**Data for processing**
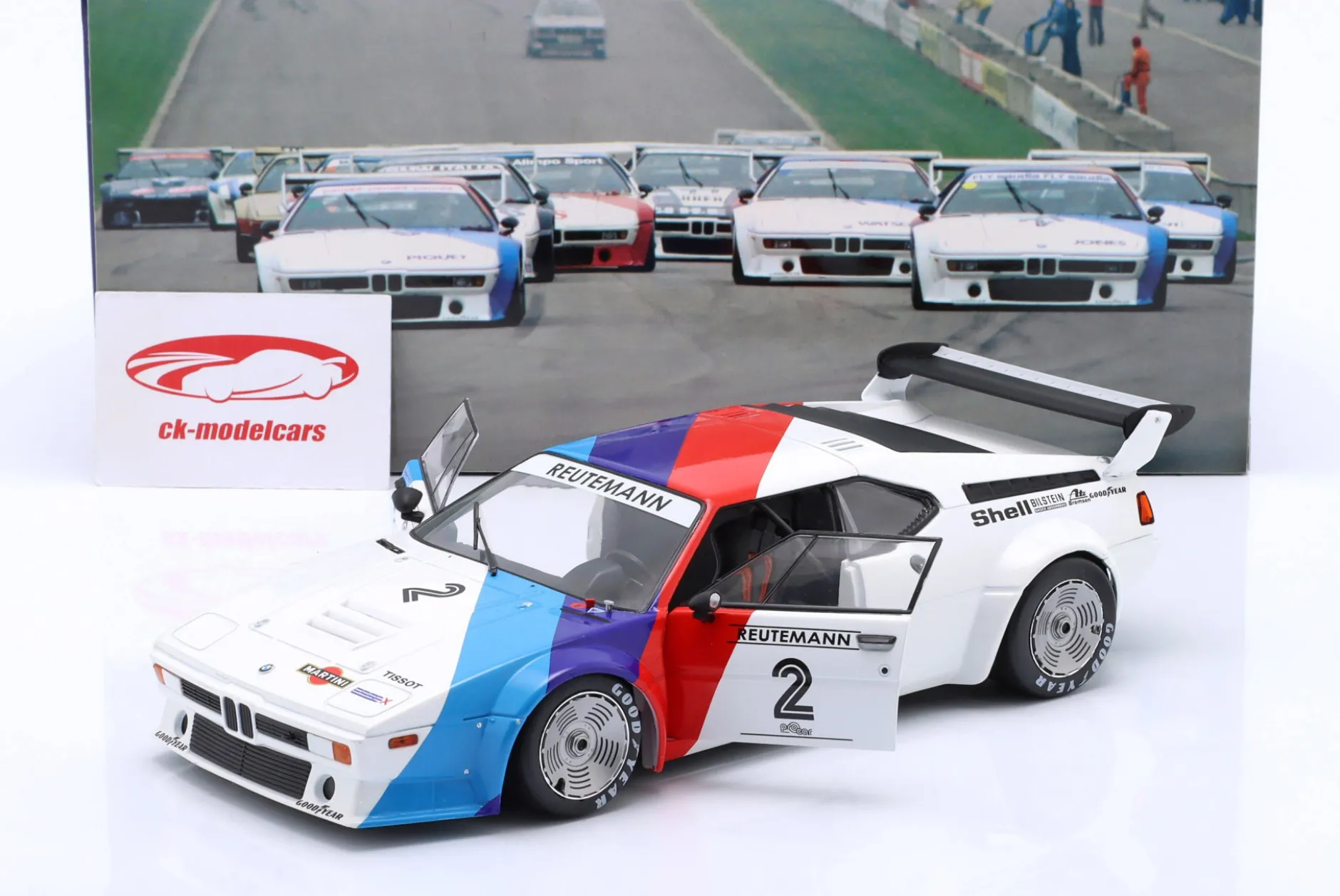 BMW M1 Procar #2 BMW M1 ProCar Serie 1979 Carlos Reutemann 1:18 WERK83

* * *

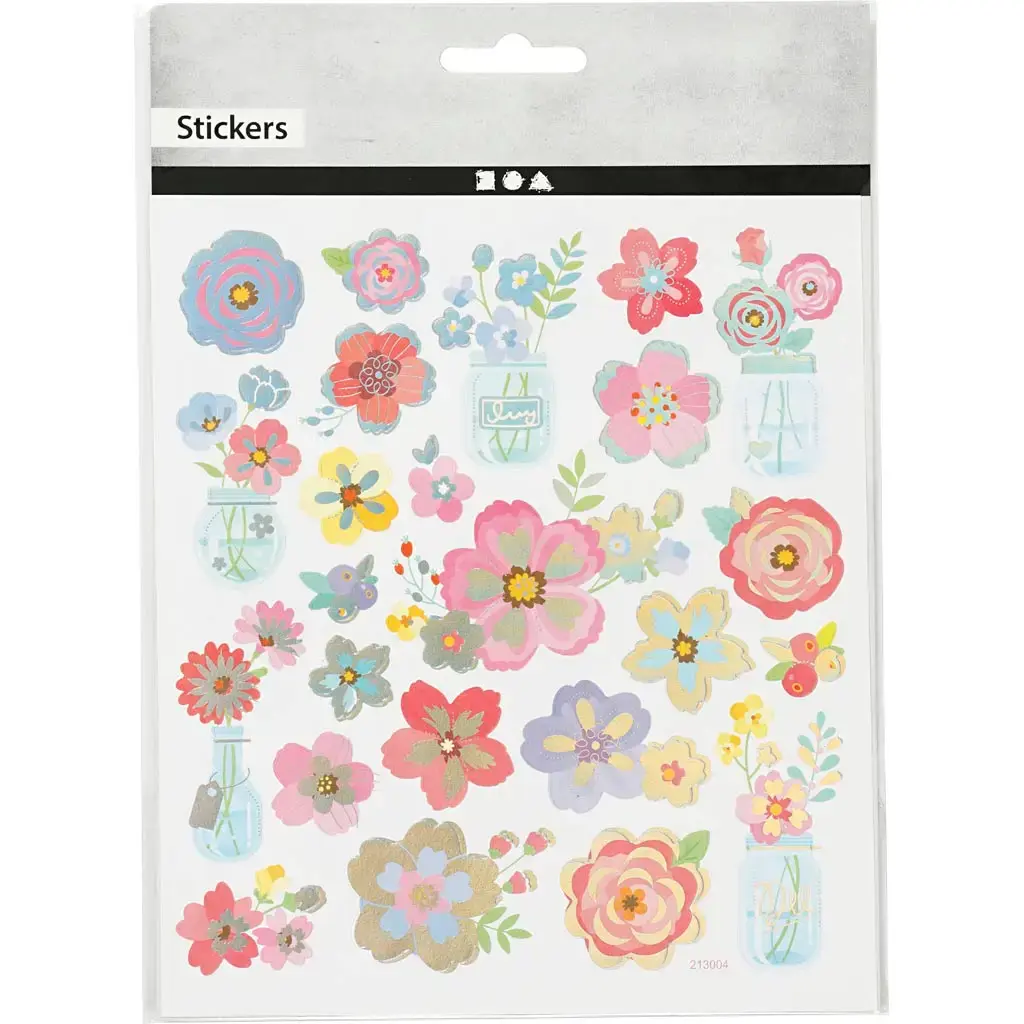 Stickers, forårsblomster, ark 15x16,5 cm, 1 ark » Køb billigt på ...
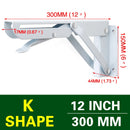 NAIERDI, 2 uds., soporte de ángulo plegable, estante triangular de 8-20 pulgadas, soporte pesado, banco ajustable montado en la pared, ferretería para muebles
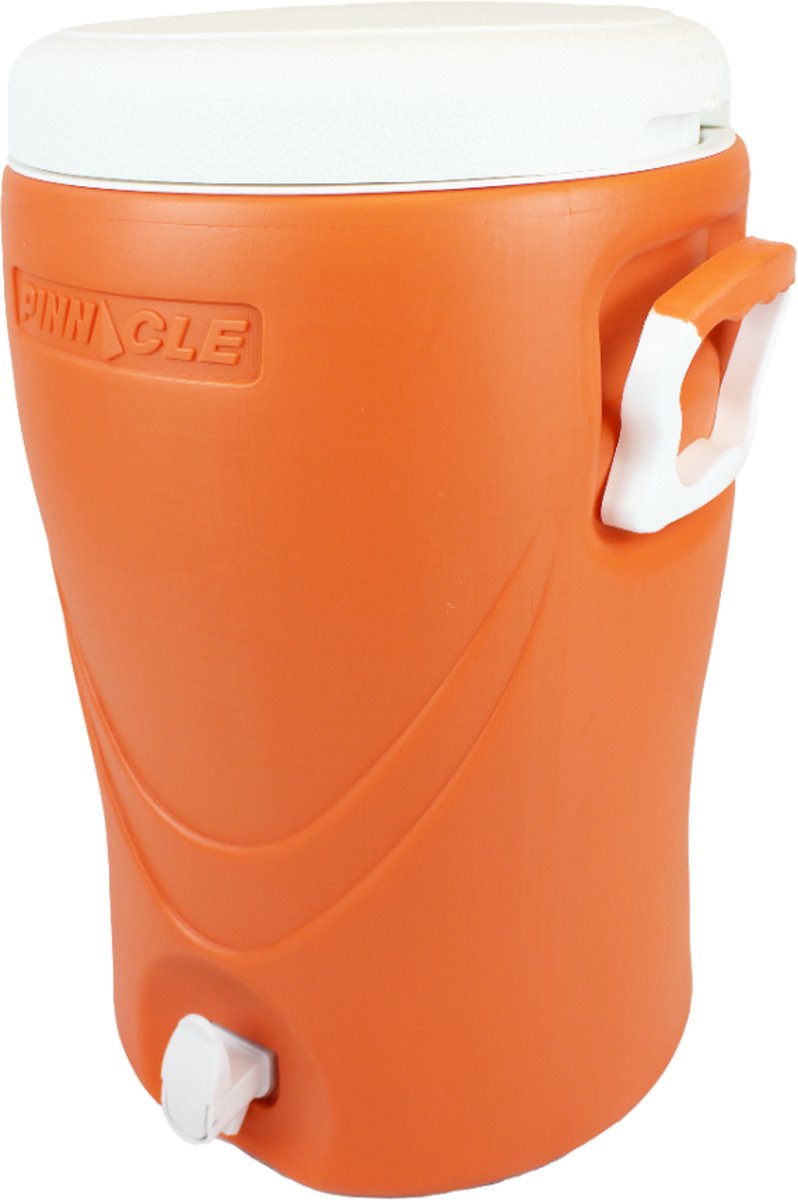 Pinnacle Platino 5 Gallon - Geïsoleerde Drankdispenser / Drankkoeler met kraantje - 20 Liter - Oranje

**What to produce**
In the listing above, find the line containing "Stickers, forårsblomster, ark" and the line containing "Pinnacle Platino 5", then write out both of them and every line between, exactly, with no pictures.

**Answer to the exercise**
 Stickers, forårsblomster, ark 15x16,5 cm, 1 ark » Køb billigt på ...
 NAIERDI, 2 uds., soporte de ángulo plegable, estante triangular de 8-20 pulgadas, soporte pesado, banco ajustable montado en la pared, ferretería para muebles
 Pinnacle Platino 5 Gallon - Geïsoleerde Drankdispenser / Drankkoeler met kraantje - 20 Liter - Oranje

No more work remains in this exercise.